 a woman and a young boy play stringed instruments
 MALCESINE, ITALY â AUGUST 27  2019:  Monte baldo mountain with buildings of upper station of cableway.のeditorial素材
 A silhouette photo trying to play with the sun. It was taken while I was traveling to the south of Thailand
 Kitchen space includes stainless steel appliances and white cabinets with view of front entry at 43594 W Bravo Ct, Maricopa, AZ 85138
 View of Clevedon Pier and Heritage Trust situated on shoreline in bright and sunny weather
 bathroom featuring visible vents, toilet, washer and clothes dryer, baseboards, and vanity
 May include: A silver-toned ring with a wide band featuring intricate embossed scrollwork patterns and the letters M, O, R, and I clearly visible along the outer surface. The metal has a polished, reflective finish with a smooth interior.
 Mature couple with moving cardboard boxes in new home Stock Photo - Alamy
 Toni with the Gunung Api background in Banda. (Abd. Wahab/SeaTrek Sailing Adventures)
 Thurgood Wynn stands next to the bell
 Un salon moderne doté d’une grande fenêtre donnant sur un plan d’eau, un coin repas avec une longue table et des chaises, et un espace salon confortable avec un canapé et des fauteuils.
##########
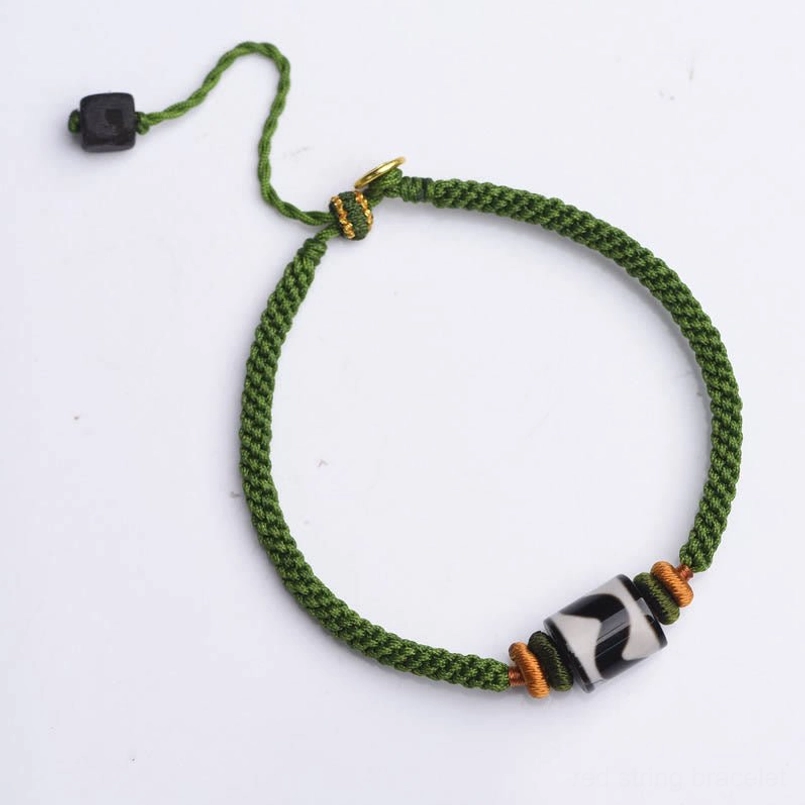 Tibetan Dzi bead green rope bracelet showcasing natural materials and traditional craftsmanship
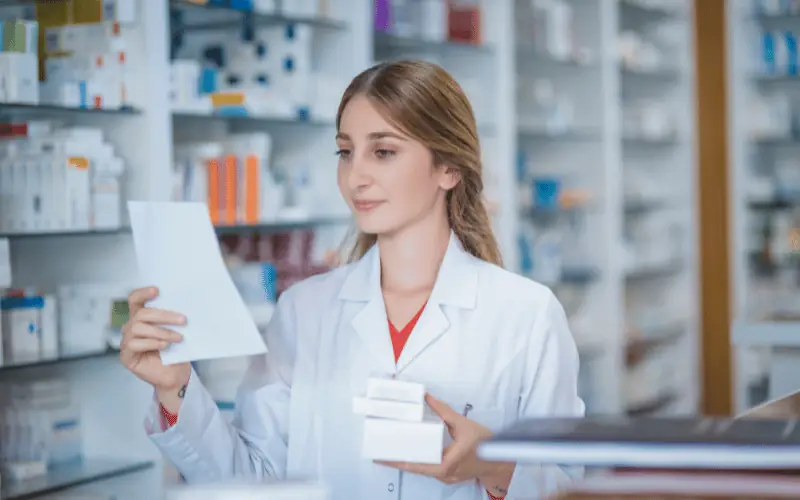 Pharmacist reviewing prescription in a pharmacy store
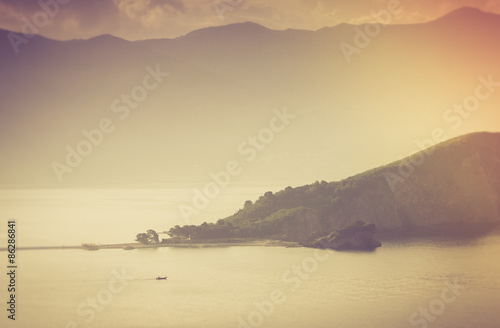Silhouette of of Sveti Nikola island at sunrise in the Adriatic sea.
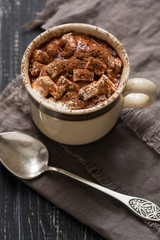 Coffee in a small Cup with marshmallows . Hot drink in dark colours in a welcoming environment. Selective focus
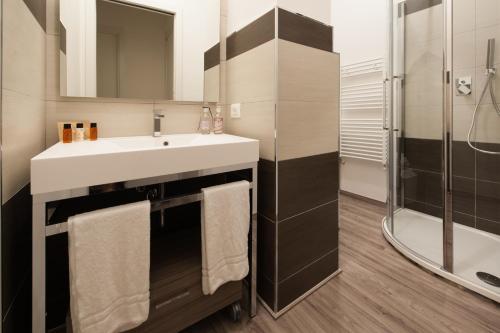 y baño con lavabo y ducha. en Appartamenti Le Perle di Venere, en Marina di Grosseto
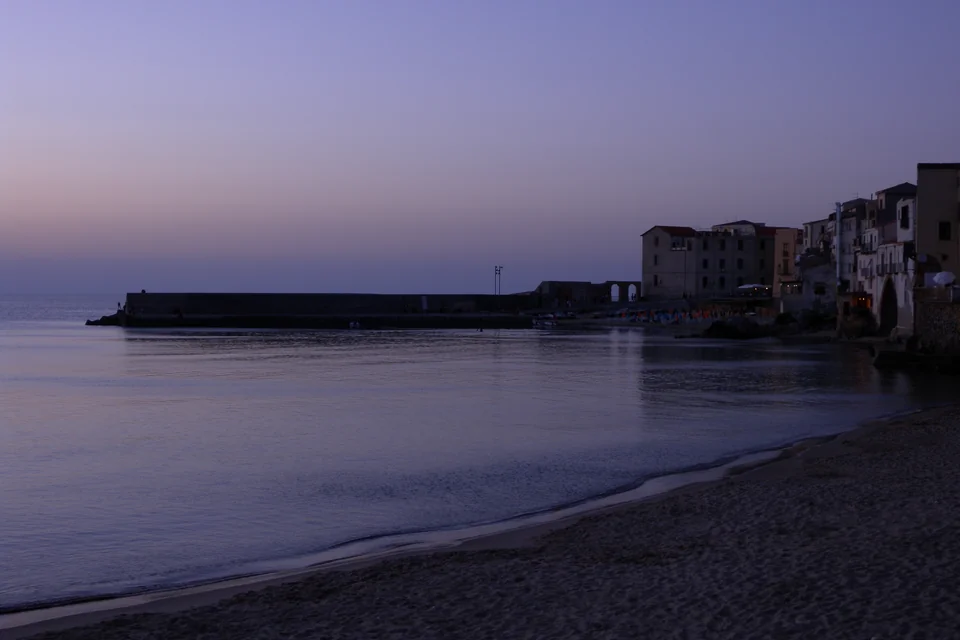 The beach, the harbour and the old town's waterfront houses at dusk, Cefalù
##########
Copy out all lines above that include the string "play".

[TASK OUTPUT]:
 a woman and a young boy play stringed instruments
 A silhouette photo trying to play with the sun. It was taken while I was traveling to the south of Thailand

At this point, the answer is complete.